Sempre a causa dell’invasione dell’Ucraina nel mirino della Corte sono finiti in otto alti gradi russi, tra cui l’ex ministro della Difesa Sergei Shoigu e l’attuale capo di stato maggiore Valery Gerasimov: considerati entrambi possibili responsabili dei ripetuti attacchi alle infrastrutture energetiche ucraine. Prima di Putin, nel 2011 l’Aja accusò di crimini contro l’umanità Muammar Gheddafi, ma il caso decadde con la morte del rais libico nel novembre dello stesso anno.

Un simile provvedimento fu emesso per il figlio Seif al Islam e per il capo dei servizi segreti Abdellah Senussi. Tra gli altri leader di spicco perseguiti, l’ex presidente sudanese Omar al Bashir: nel 2008 il procuratore capo della Corte Luis Moreno Ocampo lo accusò di essere responsabile di genocidio e crimini contro l’umanità e della guerra in Darfur cominciata nel 2003. Anche Laurent Gbagbo, ex presidente della Costa d’Avorio, è finito all’Aja, ma dopo un processo per crimini contro l’umanità è stato assolto nel 2021 in appello.

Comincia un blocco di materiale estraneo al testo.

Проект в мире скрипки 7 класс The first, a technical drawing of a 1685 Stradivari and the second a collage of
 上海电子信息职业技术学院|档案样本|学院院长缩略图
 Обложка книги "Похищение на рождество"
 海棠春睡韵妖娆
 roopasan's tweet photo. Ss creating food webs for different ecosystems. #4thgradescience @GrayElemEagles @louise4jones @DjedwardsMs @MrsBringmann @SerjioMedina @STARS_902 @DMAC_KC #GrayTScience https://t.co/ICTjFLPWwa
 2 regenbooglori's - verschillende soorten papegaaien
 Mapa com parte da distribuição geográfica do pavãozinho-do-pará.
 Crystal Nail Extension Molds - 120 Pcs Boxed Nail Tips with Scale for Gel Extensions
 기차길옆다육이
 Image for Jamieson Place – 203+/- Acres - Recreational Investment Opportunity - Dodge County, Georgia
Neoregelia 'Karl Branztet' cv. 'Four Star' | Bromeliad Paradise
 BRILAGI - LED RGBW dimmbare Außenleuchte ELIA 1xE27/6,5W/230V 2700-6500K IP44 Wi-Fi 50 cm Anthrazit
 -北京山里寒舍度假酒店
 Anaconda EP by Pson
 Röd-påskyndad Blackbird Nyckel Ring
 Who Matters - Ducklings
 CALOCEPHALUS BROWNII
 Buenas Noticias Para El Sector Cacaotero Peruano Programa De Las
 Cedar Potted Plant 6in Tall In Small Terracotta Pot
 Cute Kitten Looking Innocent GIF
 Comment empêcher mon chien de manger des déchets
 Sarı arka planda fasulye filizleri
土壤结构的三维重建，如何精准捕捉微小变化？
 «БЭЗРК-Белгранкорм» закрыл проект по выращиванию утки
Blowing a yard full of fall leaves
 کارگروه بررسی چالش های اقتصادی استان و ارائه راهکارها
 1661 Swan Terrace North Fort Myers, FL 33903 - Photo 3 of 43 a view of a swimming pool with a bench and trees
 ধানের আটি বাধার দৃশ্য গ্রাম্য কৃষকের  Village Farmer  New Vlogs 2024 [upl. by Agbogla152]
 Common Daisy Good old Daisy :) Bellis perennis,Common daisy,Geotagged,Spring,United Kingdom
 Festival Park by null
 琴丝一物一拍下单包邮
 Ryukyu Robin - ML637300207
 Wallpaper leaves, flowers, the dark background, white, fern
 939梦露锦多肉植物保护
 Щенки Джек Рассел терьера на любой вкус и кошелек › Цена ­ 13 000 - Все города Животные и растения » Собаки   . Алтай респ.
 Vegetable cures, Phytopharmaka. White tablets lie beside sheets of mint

Nel 2016 la Corte penale internazionale ha condannato l’ex vicepresidente del Congo, Jean-Pierre Bemba, per assassinio, stupro e saccheggio in quanto comandante delle truppe che commisero atrocità continue e generalizzate nella Repubblica Centrafricana nel 2002 e 2003. Il signore della guerra ugandese Joseph Kony, che dovrebbe rispondere di ben 36 capi d’imputazione tra cui omicidio, stupro, utilizzo di bambini soldato, schiavitù sessuale e matrimoni forzati, è la figura ricercata dalla Cpi da più tempo: il suo mandato d’arresto venne spiccato nel 2005. Tra gli altri dossier aperti e su cui indaga l’Aja c’è l’inchiesta sui crimini contro la minoranza musulmana dei Rohingya in Birmania. Un’altra indagine è quella su presunti crimini contro l’umanità commessi dal governo del presidente venezuelano Nicolas Maduro. E non è solo l’Aja ad aver processato capi di Stato e di governo: nel 2001, l’ex presidente Slobodan Milosevic fu accusato di crimini di guerra, genocidio e crimini contro l’umanità dal Tribunale penale internazionale per l’ex Jugoslavia. Arrestato, morì d’infarto in cella all’Aja nel 2006, prima che il processo potesse concludersi.